Réalisé avec le concours d’Ian Burton (dramaturge régulier de Robert Carsen, notamment), le livret du compositeur russe est en anglais, non seulement parce que c’est la langue originale du roman de George Orwell (1945), mais aussi parce que Palerme, Vienne et Helsinki coproduisent le spectacle.

D’une durée de deux heures environ, la partition est une sorte de mouvement perpétuel, un extraordinaire kaléidoscope d’évocations et de références, polytonal et polyrythmique, virtuose dans son écriture et dans son interprétation, tant pour les instrumentistes que pour les chanteurs (solistes et chœurs).

Alexander Raskatov dit avoir voulu conférer à l’opéra trois caractéristiques qui ont la lettre « E » en commun : énergique, excentrique et extravagant. Effectivement, dès la première scène, on est plongé dans l’intensité des confrontations entre les fermiers, puis entre les animaux, comme si le rideau s’était ouvert sur une action déjà en cours ; il tombera, semblablement, en laissant l’impression que tout continue encore.

Chaque groupe d’animaux a sa couleur instrumentale, mais sans qu’il s’agisse d’évocations de leur cri au sens littéral. Les chœurs interviennent de façon déterminante, et les vocalités individuelles vont du jazz aux postures opératiques traditionnelles.

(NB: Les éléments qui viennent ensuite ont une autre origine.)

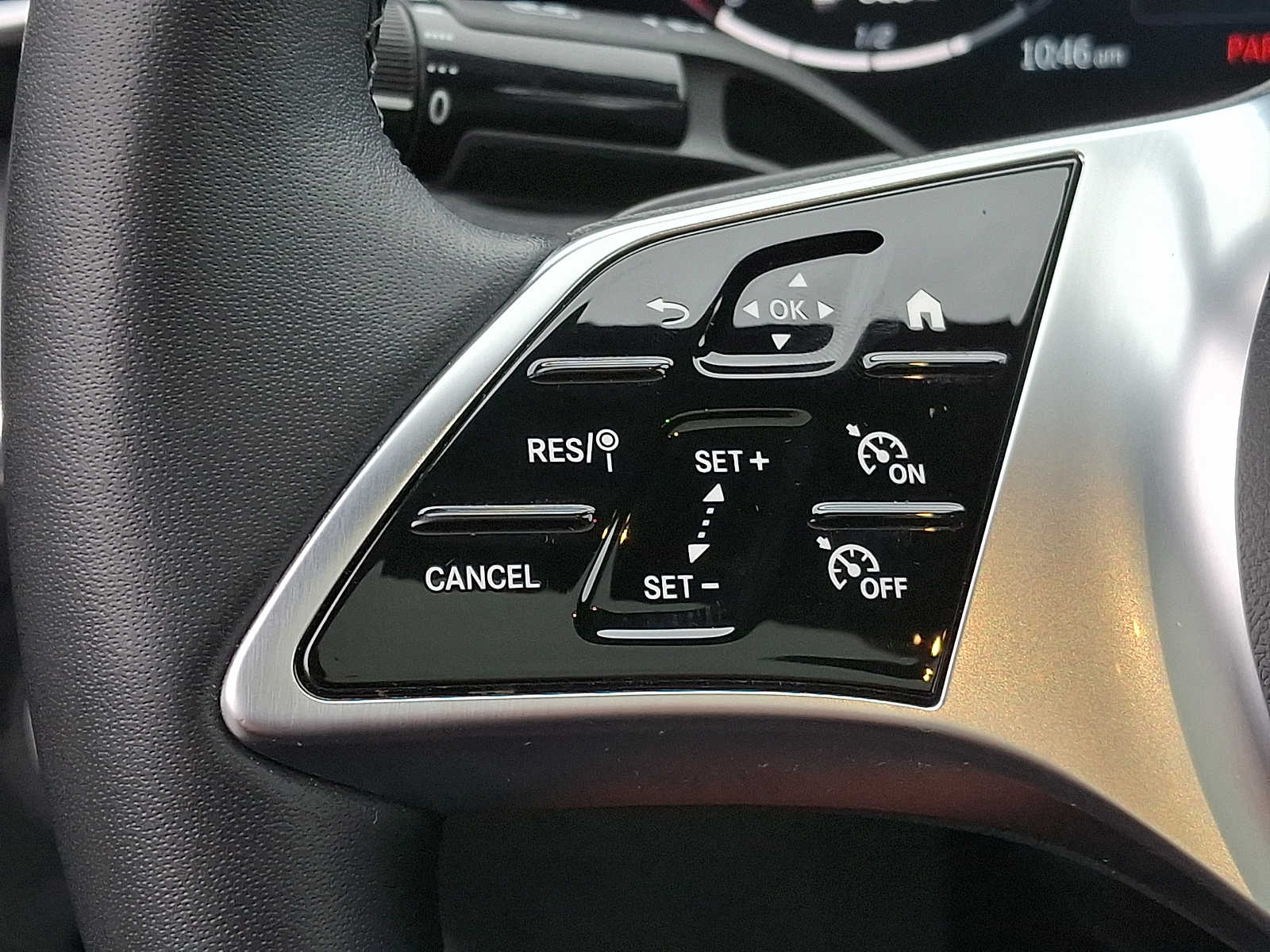 Thumbnail: 2023 Mercedes-Benz C-Class - 18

Ainsi, le rôle de la jument Mollie est confié à la soprano colorature américaine Holly Flack, et il y a un duo très belcantiste entre les cochons Pigetta (la victime) et Squealer (le bourreau), en passant par une sorte de hoquet. Forcément, un tel souci frénétique de mouvement ne laisse pas de place à un véritable lyrisme, pas plus que le livret, d’ailleurs.

Dirigé, avec une impressionnante maîtrise, par le chef libano-polonais Bassem Akiki, l’orchestre (Nederlands Kamerorkest) comprend, outre les forces habituelles, six percussionnistes, un piano, un célesta, qui distille quelques rares moments de grâce, un cymbalum, deux saxophones, une basse et une guitare électrique.

De quoi raconter, sans le moindre temps mort, comment le rêve de liberté et d’égalité peut se transformer en totalitarisme – Alexander Raskatov rappelle, dans le programme de salle, que le roman d’Orwell n’est pas plus accessible dans la Russie de Vladimir Poutine qu’il ne le fut dans l’URSS d’hier.

Damiano Michieletto met en scène cette implacable folie, avec une efficacité égale à celle du compositeur, l’idée de transposer l’action dans un abattoir rendant la fable plus cruelle encore. Comme la partition, décors, costumes et lumières frisent parfois la surcharge, mais la démonstration est éclatante.